Aku baru membaca berita yang sedang marak berseliweran di media sosial tentang kekerasaan yang dialami seorang aktor baik fisik maupun verbal hingga pencemaran nama baiknya. Aku tertegun sendiri, dan merasa sedih karena dibalik fakta pemberitaan yang belum sampai pada kebenaran valid pihak mana yang sebenarnya dirugikan itu, mengingatkan aku pada beberapa waktu lalu, pernah mengikuti instagram seorang penulis (script writer) yang juga mengangkat isu serupa.
Saat itu ia bicara mengenai apa yang sempat dialami oleh ibunya dan kerap memberikan motivasi pada yang juga sedang/pernah mengalami kekerasan. Tapi aku gak akan membahas ini sampai mendalam. Aku hanya ingin menyampaikan bahwa ada yang terlupakan saat dihadapkan pada situasi seperti itu, yaitu alasan seseorang mau bertahan dan merasa sulit keluar. Dan ternyata ketika seseorang berhasil keluar dari situasi tersebut, deret luka panjangnya perlu dibenahi dalam waktu yang gak singkat. Belum lagi jika ini terjadi di dalam sebuah keluarga, meski anak (mungkin) tidak secara langsung mengalami, ia tetap merasakan hingga menyimpan luka yang sama seriusnya.

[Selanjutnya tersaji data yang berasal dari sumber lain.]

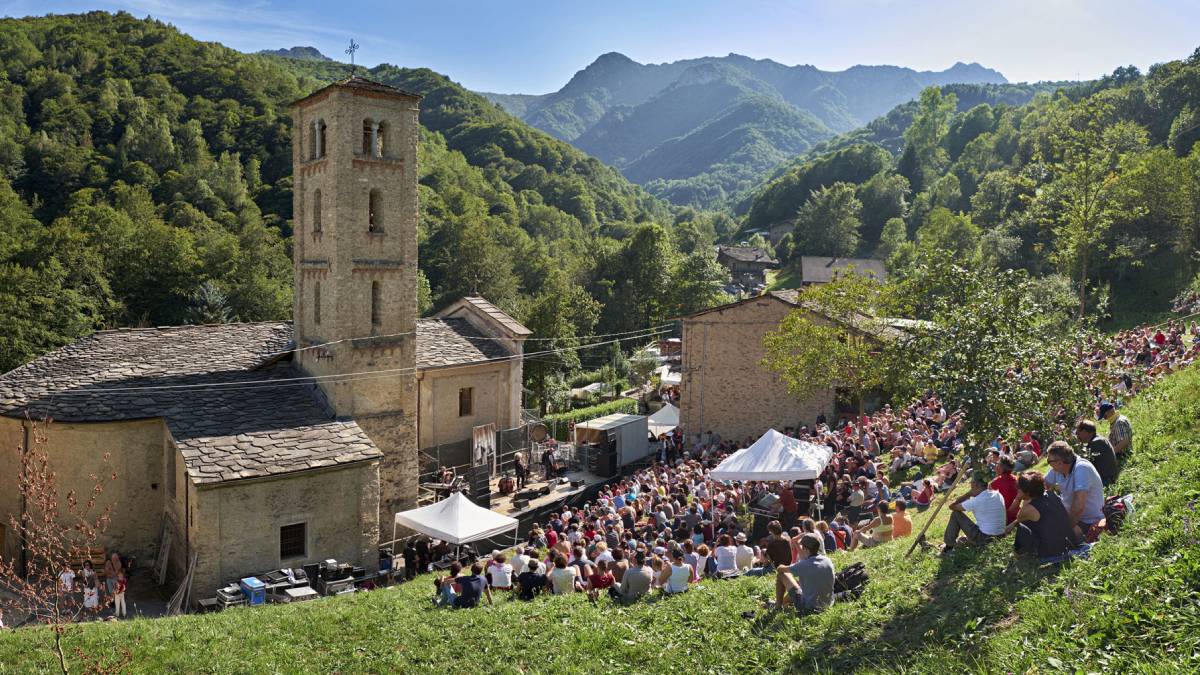 Na Itália, só se fala italiano?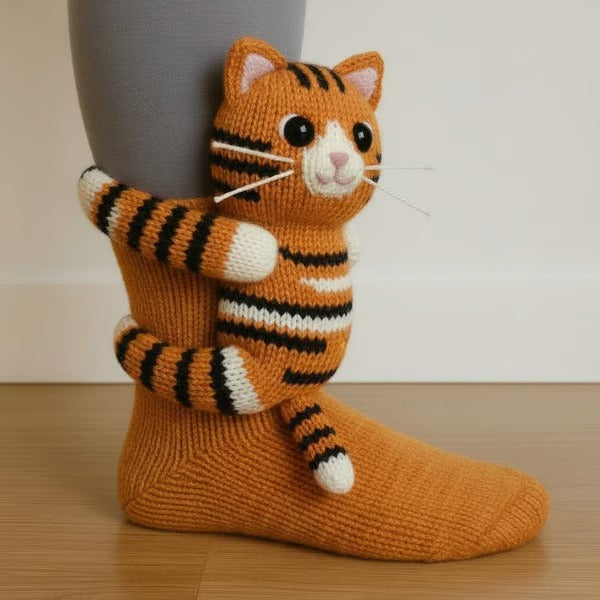 TALIA™| CALCETINES DE ALGODÓN SUAVE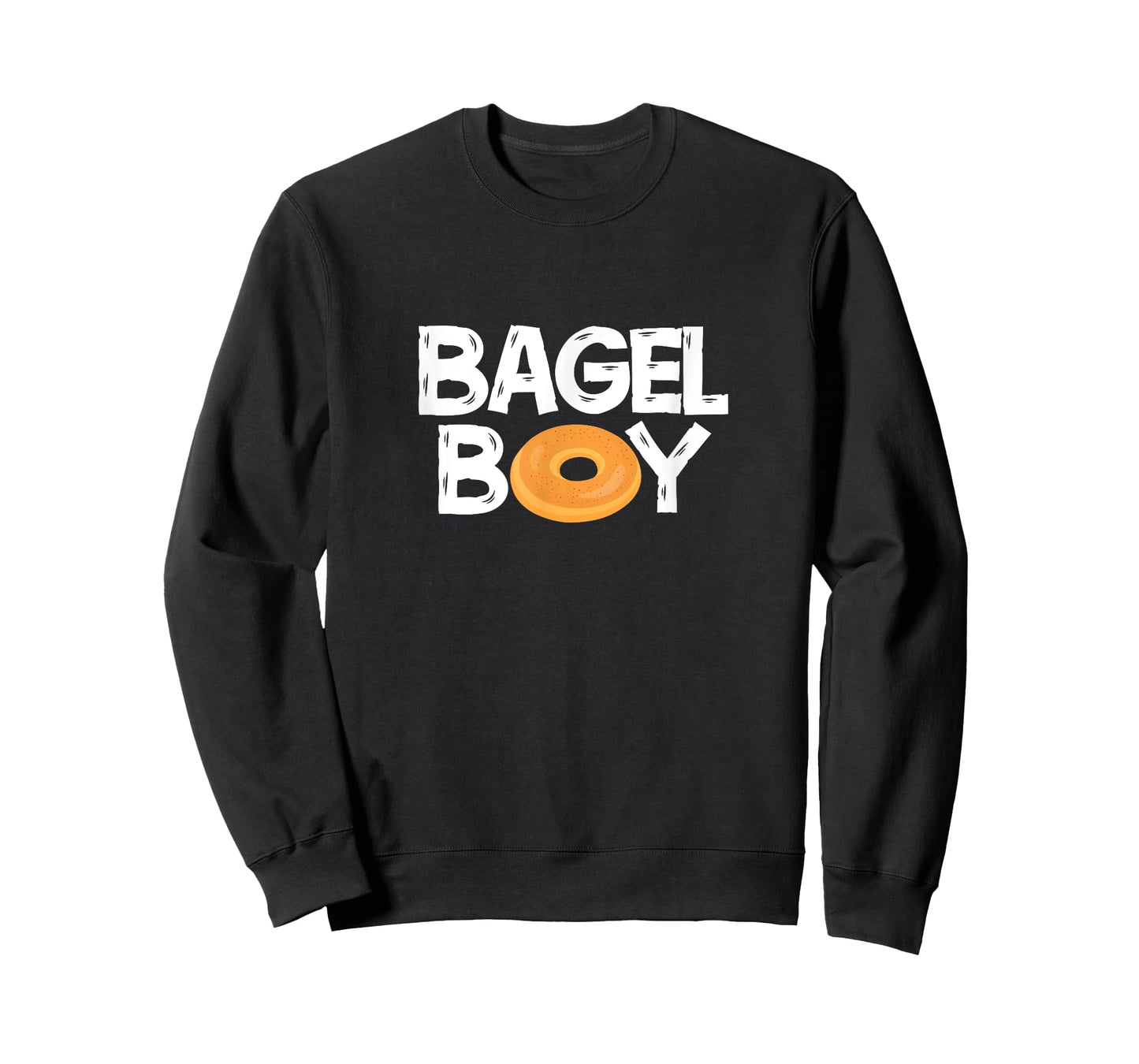 Bagel Boy Funny Donut Food Lover T-Shirt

Aku pernah bertemu dengan anak yang menyaksikan bentuk kekerasan di keluarganya, tidak hanya satu. Bahkan di dalam keluarga yang "baik-baik" saja, sampai aku bertanya "Sisi mana yang membuatmu merasa terluka?" Nyatanya harapan besar dari orangtua terhadap anak pun bisa melukai. Aku merasa tertampar oleh fakta tersebut, sebab apa yang dibutuhkan anak tersebut sederhana; yakni orangtuanya bisa menerima bahwa perasaan anaknya itu valid.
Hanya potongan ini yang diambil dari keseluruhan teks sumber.